Bug fix vs. find rate (BFFR) and average bug backlog size (ABBS)
Finally, a trap that teams sometimes fall into is sweeping bugs under the rug, so to speak. If bugs don’t seem like a problem for you, you should double-check that they are actually being discovered, filed, and fixed.
First, you should verify that customers are using the software and that there are good mechanisms to detect and report bugs. If the customer service team doesn’t have access to your bug tracking system, for example, you could have a lot of issues that you’re not seeing.
Assuming bugs are getting filed, you should look at your fix. vs. find rate and average bug backlog size (also available in the CFR/Bug Creation report).
If the numbers are significant, you should assess which bugs aren’t getting fixed, and if they are being created by a different person or part of the code than ones that are being fixed. (This may be difficult to do if the bug isn’t fixed yet though, which is why I strongly recommend fixing all your bugs.)
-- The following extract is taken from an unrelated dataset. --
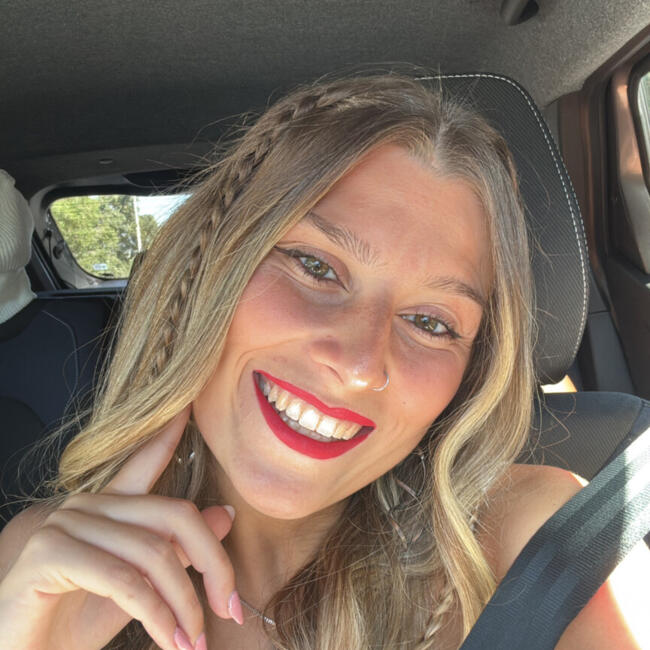 Babysitter in Sintra: Matilde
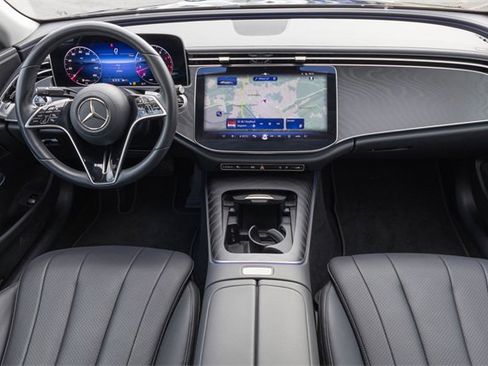 Certified 2025 Mercedes-Benz E 450 4MATIC Sedan image 20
Addressing the issue of not fixing bugs is probably more of an issue for the product manager than for engineers, but you should be extra diligent in your assessment of work quality if the team doesn’t even know the impact of bugs because they’re deferring them until later.
Caveat on quality improvements
One important caveat with judging the quality of work done by an engineer in a performance review is that you need to account for management pressure to cut corners on quality to get projects out the door.
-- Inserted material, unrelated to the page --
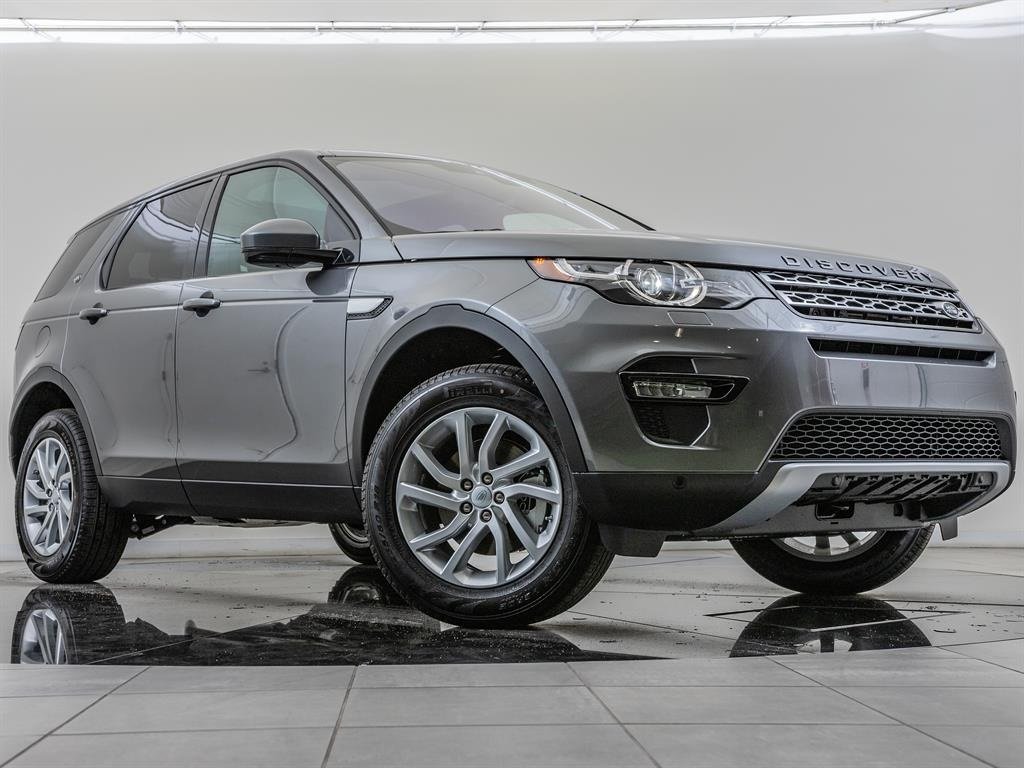 With 2019 4WD Discovery HSE Navigation Sport \u0026 New Land Rover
If you want people to improve quality, then you have to let them either cut scope or take more time. If people are told by management to hold scope and time constant, then it’s not their fault when quality suffers.
Similarly, if you ask someone to improve quality, you should specify whether to cut scope or to extend timelines to make it happen, because they will have to do one of the two.
Conclusion
An engineer’s job is extremely complex and using data in performance assessments is a deep topic. We’ve covered several here that can help build a more objective and complete understanding of engineering performance, but this really just scratches the surface.
The most important thing to take away is the role that data should play in performance reviews.
Qualitative metrics should assist and enrich the manager’s understanding of performance in conjunction with expert analysis and other data sources like qualitative feedback. It should not replace or supersede the manager’s judgement.
Engineering managers who use data wisely will write better performance reviews that guide employees toward the highest-impact growth opportunities and ultimately accomplish more with the members of their team.